To see Sukkot celebrated in Yosemite National Park by several dozen school children from San Fransisco was an absolute delight and way beyond anything I ever expected to see. I saw a bunch of kids running around wearing these tee shirts:

Brandeis School shirt.jpg

I introduced myself to the accompaning adults and excitedly shared my own connection to Brandeis (where I am a Resident Scholar at the Women's Studies Research Center).  While theirs is a Jewish Day School in San Francisco and mine is a large University in Waltham, Massachusetts, we had one of those magical 'Jewish geography' connections.  They explained that the school was there to celebrate the harvest festival of Sukkot and invited us to visit the Sukkah they had contracted at a nearby campsite.  

sukkah in lower pines camp ground.jpg

 Sukkot is a holiday I've always associated with the fall harvest.  Every year our synagogue community built a Sukkah - an rustic hut decorated with fruits and vegetables.

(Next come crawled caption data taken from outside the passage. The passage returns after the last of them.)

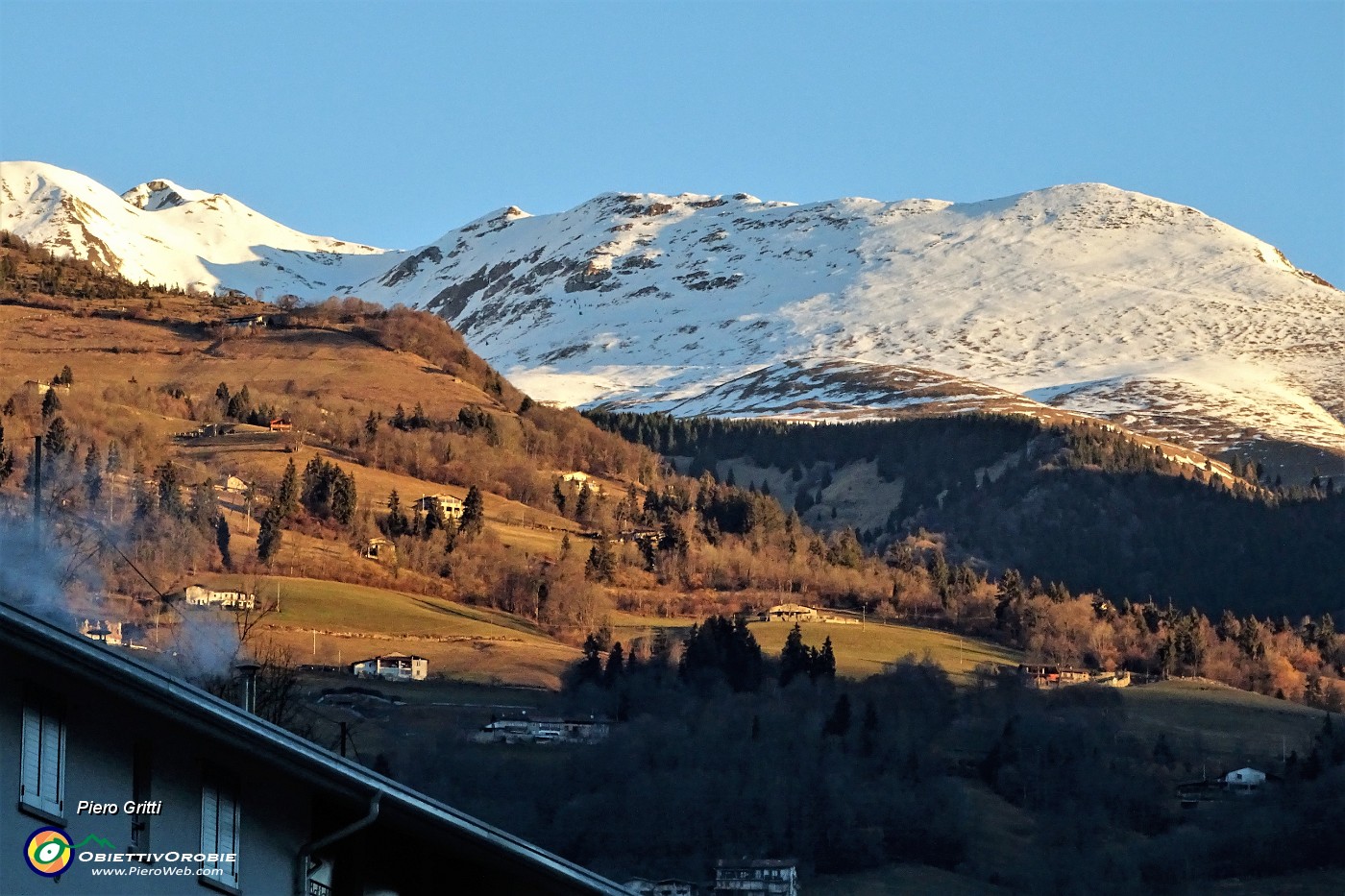 01 Cima Vaccaro (1958 m) innevata vista da Ponte Nossa.JPG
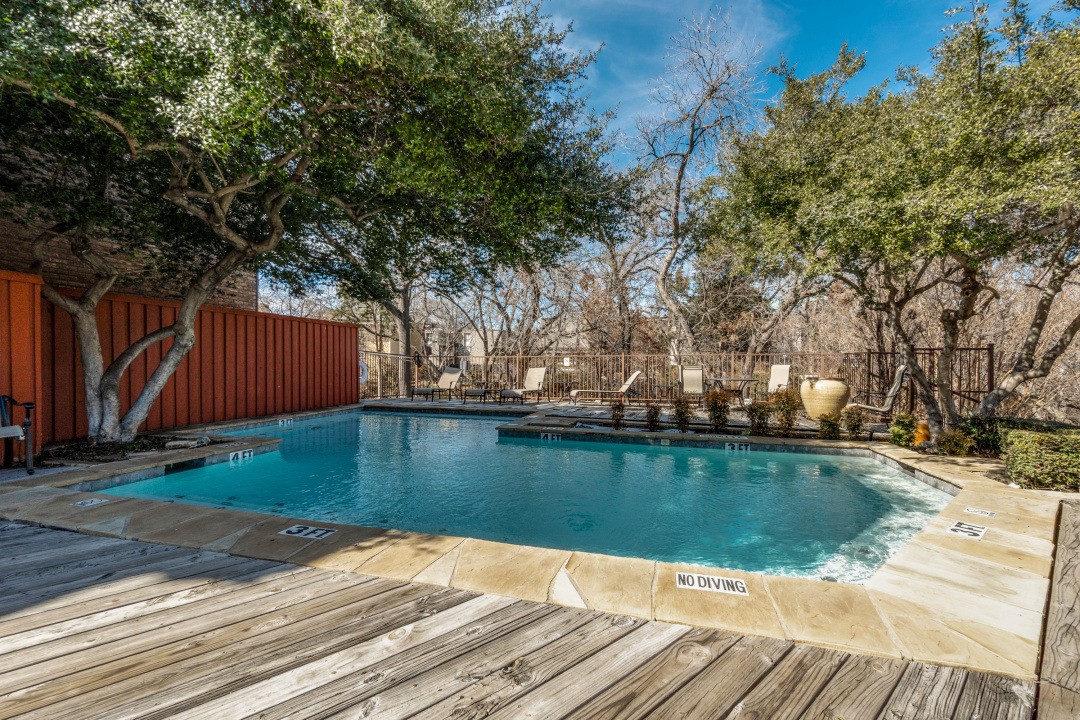 4777 Cedar Springs Road 6H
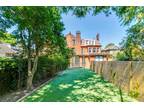 4 bedroom apartment for sale in Platts Lane, Hampstead, NW3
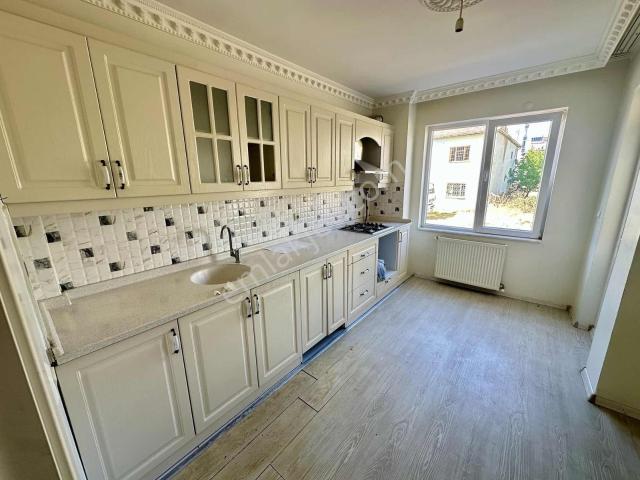 Emlakyumdan Zernişan Vakkas Civarı Kiralık 2+1 Yeni Daire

The 'roof' was made of woven reeds so, in accordance with tradition, it was open to the sky.  You can read more about it below.  

Theirs was decorated much the way I remember ours was.

Inside sukkah.jpg

But had a modern twist which made it as portable as it was practical:

snap sukkah.jpg

This was yet another chance meeting that gave both of us such pleasure.  Lots more to come as we travel on.

The Hebrew word sukkōt is the plural of sukkah, "booth" or "tabernacle", which is a walled structure covered with s'chach (plant material such as overgrowth or palm leaves). A sukkah is the name of the temporary dwelling in which farmers would live during harvesting, a fact connecting to the agricultural significance of the holiday stressed by the Book of Exodus. As stated in Leviticus, it is also intended as a reminiscence of the type of fragile dwellings in which the Israelites dwelt during their 40 years of travel in the desert after the Exodus from slavery in Egypt. Throughout the holiday, meals are eaten inside the sukkah and many people sleep there as well.